The act of intentionally taking someone’s personal property to deprive of them of its use
The front door of a home with is window smashed.

Theft: Definition in insurance

Insurance companies generally define theft the same as everyone else (i.e., someone takes property that doesn’t belong to them). Several types of policies, including homeowners insurance policies, cover losses from theft and attempted theft. In insurance-speak, that means theft is a covered peril on those policies.

Theft insurance in your homeowners policy

Theft insurance is simply coverage for when someone steals your property. However, most people don’t need a separate theft insurance policy because the coverage appears in their home insurance in a variety of ways, namely:

  • Personal property coverage. Coverage C is probably what comes to mind when you think about a loss from theft because it helps replace stolen items.
  • Dwelling coverage. A thief can also cause physical damage to your home. Coverage A helps pay for repairs, such as broken door frames.
  • Other structures coverage. If a detached structure like a garage or shed is damaged by an intruder, Coverage B can help with those repairs.

Having your property stolen can be a traumatic experience. But the theft insurance in your homeowners policy can be a big help in getting things back to normal.

When is theft covered?

If someone breaks into your home, your homeowners policy typically covers your stolen items as well as any damage the thief caused. One cool feature in homeowners insurance is that most policies even cover these losses when they occur away from your home. This means that if someone steals from your hotel room while you are on vacation, your insurance company most likely covers that loss up to your policy limits.

However, home insurance policies don’t necessarily cover the entirety of your losses. How much you recover in a claim is usually impacted by your:

  • Coverage limits. Each of the coverages that apply after a theft has a coverage limit (i.e., the maximum amount your insurance company pays for a claim). If a thief takes $50,000 worth of property, but you only have $40,000 in personal property coverage, then you’re going to come up short.
  • Deductibles. Let’s assume the thief also smashes in your front door. Your policy covers that damage, but it also has a $500 deductible. You’re responsible for covering that amount for any repairs.
  • Sublimits. Most insurance companies also place sublimits on valuable personal property. A sublimit caps the amount you recover, sometimes limiting your coverage to just $1,500.

Sublimits are common for items like computers, jewelry, fine art, and collectibles. You can protect these items with a scheduled personal property endorsement.
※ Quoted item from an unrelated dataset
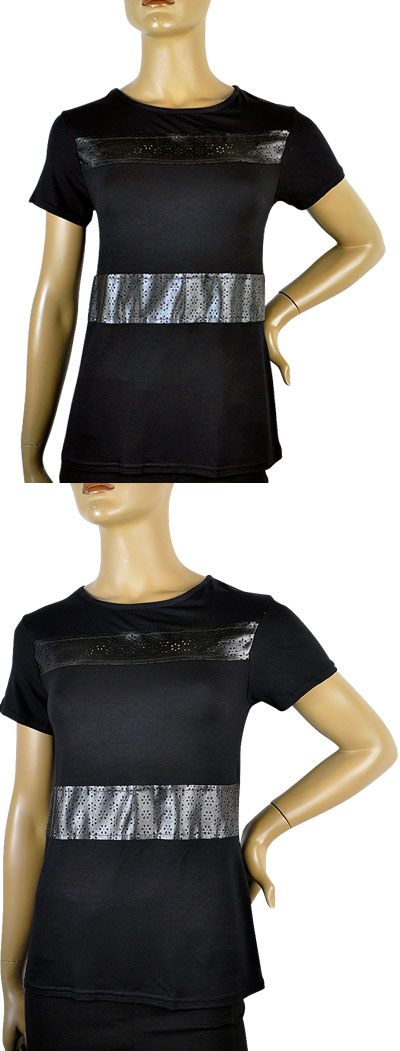 在庫一掃セール  春夏 インポート カットソー ANDRA 3724 レザー切替半袖カットソー 白 黒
When is theft not covered?

Not all theft scenarios are covered. For example, home insurance policies typically exclude theft if the items were stolen:

  • By you.
  • From a home that’s under construction.
  • From a home that you rent.

As for the first exclusion, insurance companies simply don’t cover an insured’s illegal actions. But the other two are about increased risk. For example, more people come in and out of a home when it’s under construction, so there’s a greater chance for something to be stolen.

The same is true when you rent the home out. Even if you believe you know your tenants very well, their presence (and their guests, for that matter) increases your risk for theft. You could protect yourself with landlord insurance, but another option is our versatile House & Property policy.

You should also note that homeowners insurance seldom covers stolen cash ﹘mainly because it’s difficult to prove the loss.